SQUARE Festival joins the dots between transatlantic artistry - Features - Mixmag
Features

SQUARE Festival joins the dots between transatlantic artistry

Billed as a “picture of contemporary production” linking the continents bordered by the Atlantic, the debut edition of showcase festival SQUARE proved a success, an ambitious event drawing 1,000 people to northern Portugal over the course of a weekend

  • Words: Gemma Ross | Photos: Sergio Monteiro, Adriano Ferreira Borges, Leis Pereira
  • 18 March 2025

Perched on a bench in the foyer of a now-shuttered cinema, Portuguese promoter and festival organiser Marcio Laranjeira is arguing for the use of non-traditional spaces in staging live music events. Tonight, a roster of artists will perform in front of the former screening wall of the main auditorium, where the rows of seats have been ripped from their fittings, leaving a sloped dancefloor for hundreds to assemble. Empty frames line the walls where film posters once hung, and there’s a distinct air of nostalgia filling the space – a sort of childlike awe that returns with memory. Though it’s seen better days, Braga’s old abandoned Cinemax is teeming with people for the first time in over half a decade. Multilingual chatter spills through the front doors, and beers are being passed around drunkenly between friends. “Can you believe that we’re here, in the city centre, and this space doesn’t get used?” Marcio asks. “I think we’re very lucky.”

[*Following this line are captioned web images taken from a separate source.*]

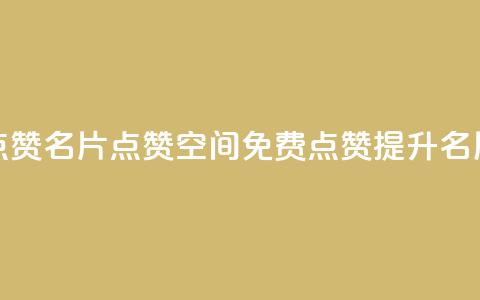 QQ免费点赞名片点赞空间(QQ免费点赞提升名片曝光)  第1张 QQ免费点赞名片点赞空间(QQ免费点赞提升名片曝光)  第1张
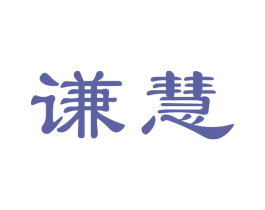 谦慧 第16类办公工具商标图样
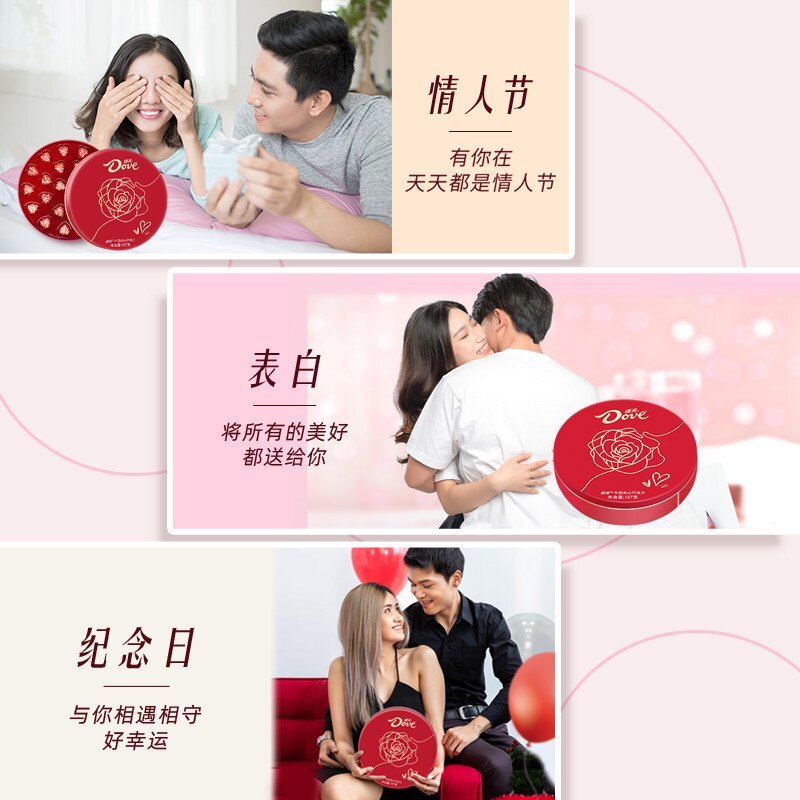 德芙巧克力礼盒玫瑰心语24粒教师节礼物送女老师伴手礼婚庆喜糖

Braga, a northwestern Portuguese city that sits just a few miles outside of Porto, isn’t typically associated with big club nights, parties, and live music events – it’s a relatively quiet place home to just 150,000, and is often referred to as the religious epicentre of Portugal. Braga is part of the “urban quadrilateral”, as Marcio explains, one of four cities aligned in a region that share a common thread in their creative cultures. Investment is pumped equally into Braga, Barcelos, Famalicão, and Guimarães, each just a stone’s throw from the other. From January 29 to February 1, these four cities played host to the debut edition of SQUARE Festival, Marcio’s latest musical venture and his biggest yet, a hugely ambitious project where music, art, and culture intersect.

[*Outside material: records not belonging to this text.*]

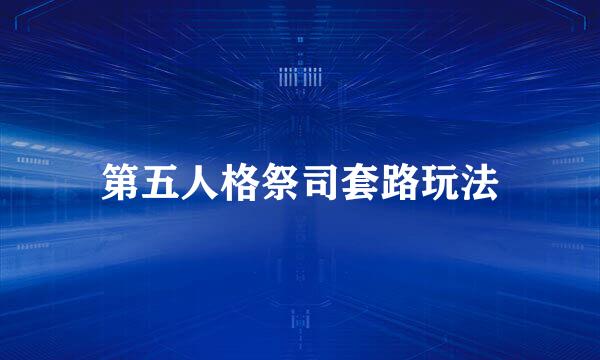第五人格祭司套路玩法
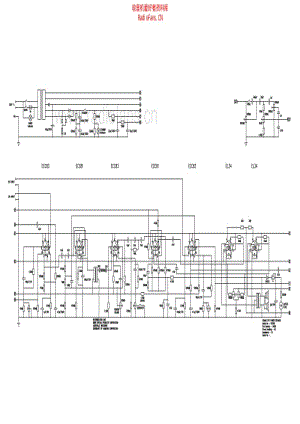 Sound_city_concord_amplifier_schematic 电路图 维修原理图.pdf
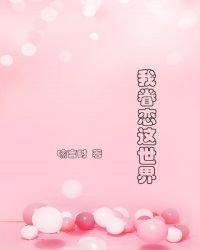 我眷戀這世界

While Braga acts as the base location for SQUARE, with a conference running throughout the morning and a stacked nighttime programme hosted later at the abandoned cinema, each day brings a different bill to one of its three surrounding cities. A showcase festival at its core, line-ups are in part curated by a team of SQUARE’s partners — including record labels and festival promoters — while the other half are handpicked from a pool of entrants who applied to perform at the festival a year prior. 50 artists were selected, all plucked from each side of the Atlantic Ocean in a bid to connect transatlantic artistry and platform emerging talent from around the world. “The continents bordering the Atlantic (Europe, Africa, and the Americas) are areas with a tradition of sharing and exchanging,” Marcio says. “Those bridges are already built, but they can be developed. We wanted SQUARE to be a link between all of these places – a picture of contemporary production from different territories.”

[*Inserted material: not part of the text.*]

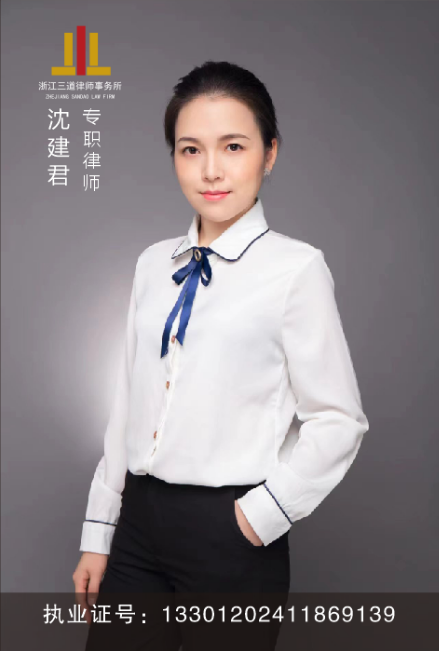 沈建君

Each of these four cities have “long had ties to independent music”, Marcio explains, though the issue now lies in maintaining those connections. “For years, artists and bands have come to northern Portugal to make music and tour. But this region also has difficulty retaining that talent. Artists are born here, they develop here, and then they get to a level where they move to a bigger city,” he says. “I think it happens in a lot of places, but we have a goal to make this region a fertile ground so that people can stay here to develop and create, and forge a place where they can live and work alongside other professionals.”

Kicking into action on Wednesday following a morning of panel discussions in Braga, attendees are shuttled off to Guimarães, a historic city littered with colourful, crumbling buildings, for the first full day of music programming. There’s an unusual array of venues on offer, from a contemporary art museum to the dilapidated underbelly of a railway arch, the latter entertaining Glasweigan queer punk duo Comfort. Distorted synthwork and offbeat drumming reverberate under the arch, bouncing from peeling wall to rusting pipe – its gritty aesthetics matching the duo’s raw, granular sound.

A short walk away inside a former textile factory-turned-nightclub, Brazilian-born, Lisbon-based DJ and producer King Kami is shelling Latin club rhythms at a breakneck pace. Brega funk melts into batida and call-and-response Jersey club, a high-octane concoction of sounds that seem to command the room – even at an early 8:PM start. The set is accompanied by a live A/V show curated by her creative partner and visual artist, Joao Parente, one that pays homage their past home in João Pessoa, Brazil, morphing through AI-generated streets and oddly familiar 3D-rendered places that evoke a sentimental feeling, created from a “memory-driven perspective”. Speaking to Mixmag after the show, King Kami explains: “My set revolves around the Brazilian northeast, from the voices to the rhythms of that region. Using generated images, we build false realities from a city we no longer live in – much like the concept of utopia.”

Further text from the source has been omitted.